On Sun, Aug 14, 2011 at 1:15 PM, Craig Weinberg <whatsons...@gmail.com> wrote:
> On Aug 13, 8:00 pm, Stathis Papaioannou <stath...@gmail.com> wrote:
>> The artificial device must replicate all the I/O behaviour of the
>> original neurons at the interface with the rest of the brain. This is
>> purely a problem for engineers who neither know nor care about qualia.
> What I and others are pointing out is that how you define 'I/O
> behavior' is the determining factor of the thought experiment. For
> example (from http://themedicalbiochemistrypage.org/nerves.html):
> "Acetylcholine (ACh) is a simple molecule synthesized from choline and
> acetyl-CoA through the action of choline acetyltransferase. Neurons
> that synthesize and release ACh are termed cholinergic neurons. When
> an action potential reaches the terminal button of a presynaptic
> neuron a voltage-gated calcium channel is opened. The influx of
> calcium ions, Ca2+, stimulates the exocytosis of presynaptic vesicles
> containing ACh, which is thereby released into the synaptic cleft.
> Once released, ACh must be removed rapidly in order to allow
> repolarization to take place; this step, hydrolysis, is carried out by
> the enzyme, acetylcholinesterase. The acetylcholinesterase found at
> nerve endings is anchored to the plasma membrane through a
> glycolipid."
> So, in order to replicate the I/O behavior of a single axon of a
> neuron that traffics in ACh, are you talking about engineering a
> nanotech factory which eats the right amount of choline (if not, you'd
> have an excess of choline building up in the replaced areas of the
> brain), and produces genuine ACh? Are you talking about having an
> artificial glycolipid holding a supply of acetylcholinesterase to
> accomplish hydrolysis to enable repolarization like the other neurons
> of that type? You can't simulate the production of those substances
> electronically or produce them inorganically, so any replacement
> system would be based on organic chemistry. If you were able to
> accomplish the production of those substances as well as conduct
> electric signals properly, that still only scratches the surface of
> the physiological issues. From 
> http://www.mind.ilstu.edu/curriculum/neurons_intro/neurons_intro.php

The I/O interface could involve neurotransmitters which are
synthesised and released when the artificial neuron sees the
appropriate voltage, and an enzyme which mops up the released
neurotransmitter. The internals could be completely different: a
computer modelling the biochemistry of a neuron and controlling a
chemical factory. Another way to handle the interface would be not to
use neurotransmitters but to directly connect to the neighboring
neurons and control their membrane potentials, mimicking the
depolarisation/depolarisation cycle. If done that way there may have
to be further signals to the postsynaptic neuron as the
neurotransmitter may have an effect on regulating the number of
surface receptors and hence to sensitivity to future stimulation. It
would be difficult getting it exactly right, but there is no problem
*in principle*.

> "While we are considering numbers, it is worth noting that there are
> as many as 50 times more glia than neurons in our CNS! Glia (or glial
> cells) are the cells that provide support to the neurons.
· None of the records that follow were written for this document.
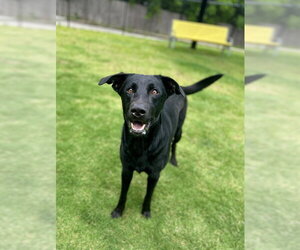 Labrador Retriever Dogs for adoption in Temple, TX, USA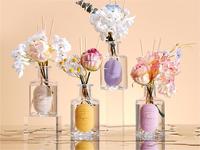 Diffuseur de parfum roseau aromathérapie roseau diffuseur coréen roseau diffuseur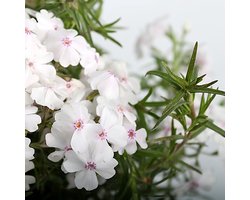 25 x Kruipphlox of Vlambloem Wit - Bodembedekker Wintergroen - Phlox subulata 'White Delight' in 9x9cm pot met hoogte 5-10cm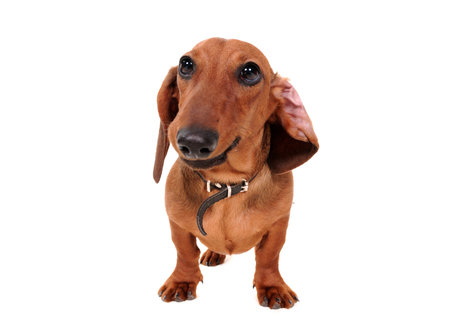 Portrait Of The dachshund Dog Isolated On Whiteの写真素材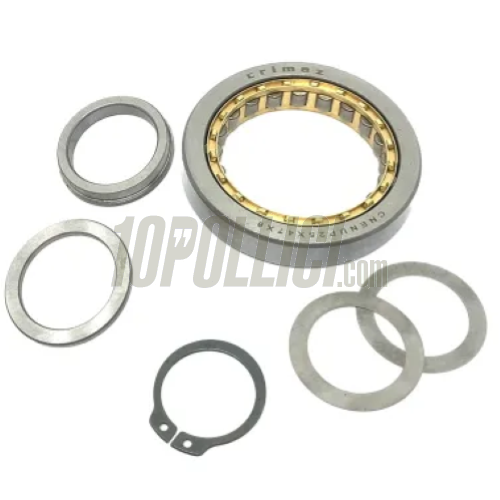 Bearing CRIMAZ reinforced NUP 25X47X8 (16005)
In much the
> same way that the foundation, framework, walls, and roof of a house
> prove the structure through which run various electric, cable, and
> telephone lines, along with various pipes for water and waste, not
> only do glia provide the structural framework that allows networks of
> neurons to remain connected, they also attend to the brain's various
> house keeping functions (such as removing debris after neuronal
> death). "
> If your replacement neurons don't die, then you're changing the
> relationship of them to 98% of the cells in the brain and the I/O is
> different to the ecosystem overall. If you could manage to engineer a
> replacement component which satisfies all of those electrical,
> biological, and chemical roles, but still somehow manages to be, in
> some significant way 'not a living cell' then there is still the
> matter of whether or not the cell body itself is the thing that
> actually experiences the various inputs and determines the outputs
> according to uncomputable awareness-based algorithms or whether
> experience somehow arises metaphysically through the aggregate of
> unexperienced mechanical I/Os which can be replicated
> deterministically.

If you are proposing that the cell does a computation that a Turing
machine cannot do then that would be an argument against
computationalism (although not against functionalism). However, there
is no evidence that there are non-computable processes in the brain.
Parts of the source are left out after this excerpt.